# Deleting book cover image of book already been deleted from Cloud Account



## 1more (Jan 11, 2013)

Hi sorry I've looked but could not find the answer. I have a image of a book cover remaining on my Kindle HD, I stupidly downloaded a book called 50 Sheds of Grey thinking it was 50 Shades of Grey , I've deleted it from my cloud account and sync my Kindle but the image remains and I can't find anyway of removing it. Any help will be greatly appreciated


----------



## Ann in Arlington (Oct 27, 2008)

Where are you seeing it?

On the carousel, just touch and hold -- you'll get options to remove it from the carousel or the device or make it a favorite (or make it NOT a favorite).

Did you get it from Amazon?  If it's been less than 7 days you can return it for a refund.  Doing that, or just deleting it from your Cloud via amazon should make it not show on the device at all.


----------



## 1more (Jan 11, 2013)

Sorry for not explaining, the image is in "Books" and then when I select the "Cloud" tab.
I've removed it from the Cloud Account and sync the Kindle, but the image is still on the Kindle


----------



## Ann in Arlington (Oct 27, 2008)

1more said:


> Sorry for not explaining, the image is in "Books" and then when I select the "Cloud" tab.


In that case, you have not deleted it.

Go to Amazon and Manage Your Kindle.

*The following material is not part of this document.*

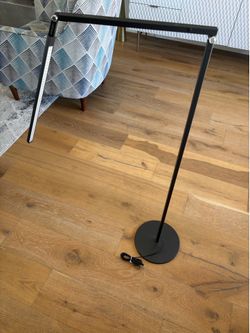 Koncept Reading Lamp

Find it there and delete it.

Again, if it's been less than 7 days one of the options will be return it for refund. More than that and you can delete it permanently, but won't get any money back.

Once you do THAT, and sync, it should be gone for good.

OR, if it was a document you uploaded from elsewhere, it will be under personal documents. But, again, you should be able to delete it from there.

As far as I know, the only way to make a book gone permanently is to do it via Manage Your Kindle at Amazon.


----------



## 1more (Jan 11, 2013)

Sorry your reply and my added not to my second post must have crossed, the book has been deleted from my Cloud account with amazon, and I have sync the Kindle but the image and only the image remains under "Books" and then "Cloud" tab


----------



## Betsy the Quilter (Oct 27, 2008)

Two questions--

If you go to your Amazon account, and "Manage Your Kindle" is it still there?  Or only visible on your Fire?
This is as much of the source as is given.